● **ASSIGNMENT**:
From the data below, return only the lines from the one with "Bolsa de almacenamiento de" through the one with "Brigadeiro, condensed milk dessert", exact and inclusive, with pictures left out.

● **AVAILABLE RECORDS**:
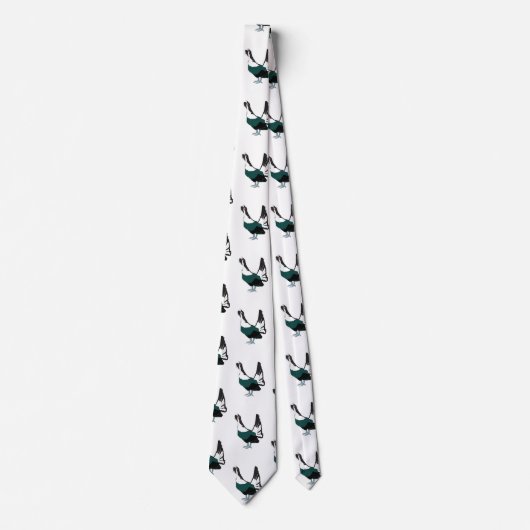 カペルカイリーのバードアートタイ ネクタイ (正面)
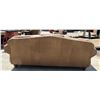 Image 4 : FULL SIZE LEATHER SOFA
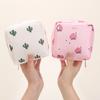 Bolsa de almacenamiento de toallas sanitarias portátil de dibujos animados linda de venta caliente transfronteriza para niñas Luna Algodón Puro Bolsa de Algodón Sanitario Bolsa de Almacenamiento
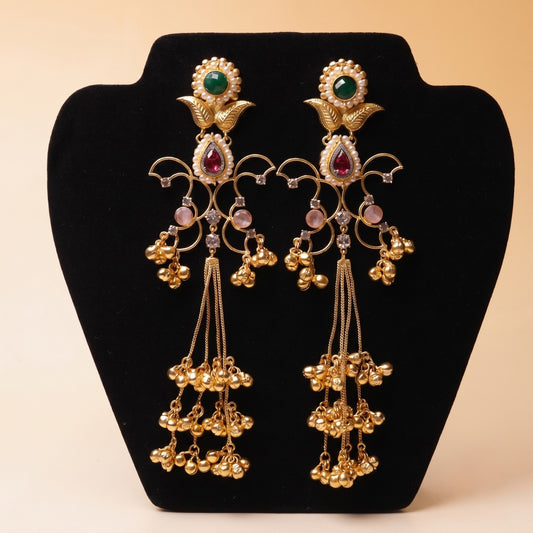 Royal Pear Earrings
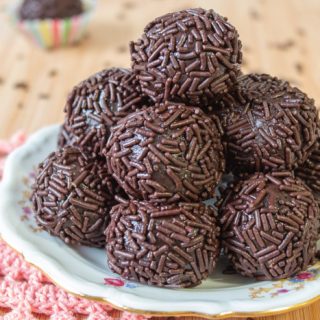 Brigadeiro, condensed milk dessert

--

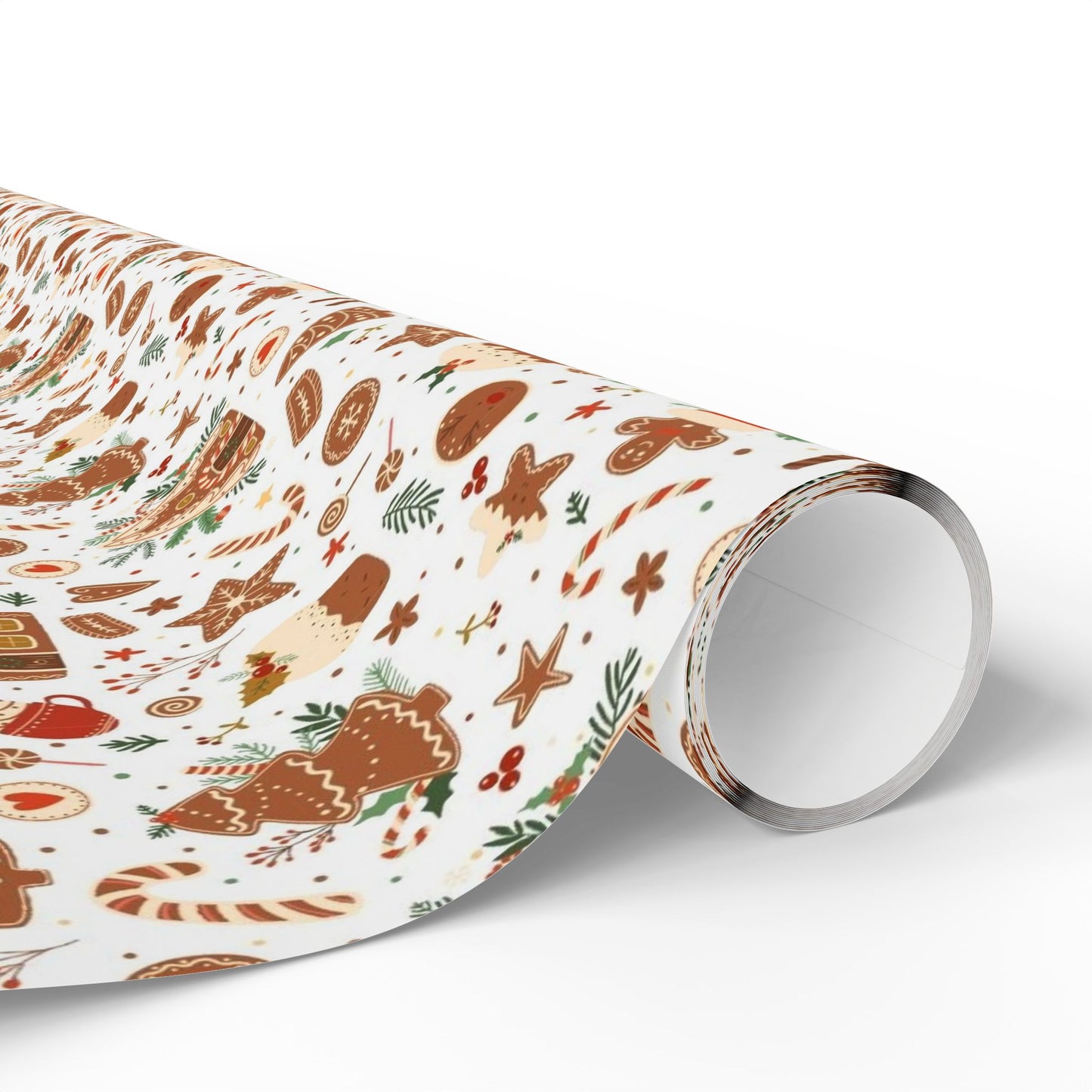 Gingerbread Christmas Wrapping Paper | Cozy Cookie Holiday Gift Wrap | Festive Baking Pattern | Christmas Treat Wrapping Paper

● **EXERCISE OUTPUT**:
 Bolsa de almacenamiento de toallas sanitarias portátil de dibujos animados linda de venta caliente transfronteriza para niñas Luna Algodón Puro Bolsa de Algodón Sanitario Bolsa de Almacenamiento
 Royal Pear Earrings
 Brigadeiro, condensed milk dessert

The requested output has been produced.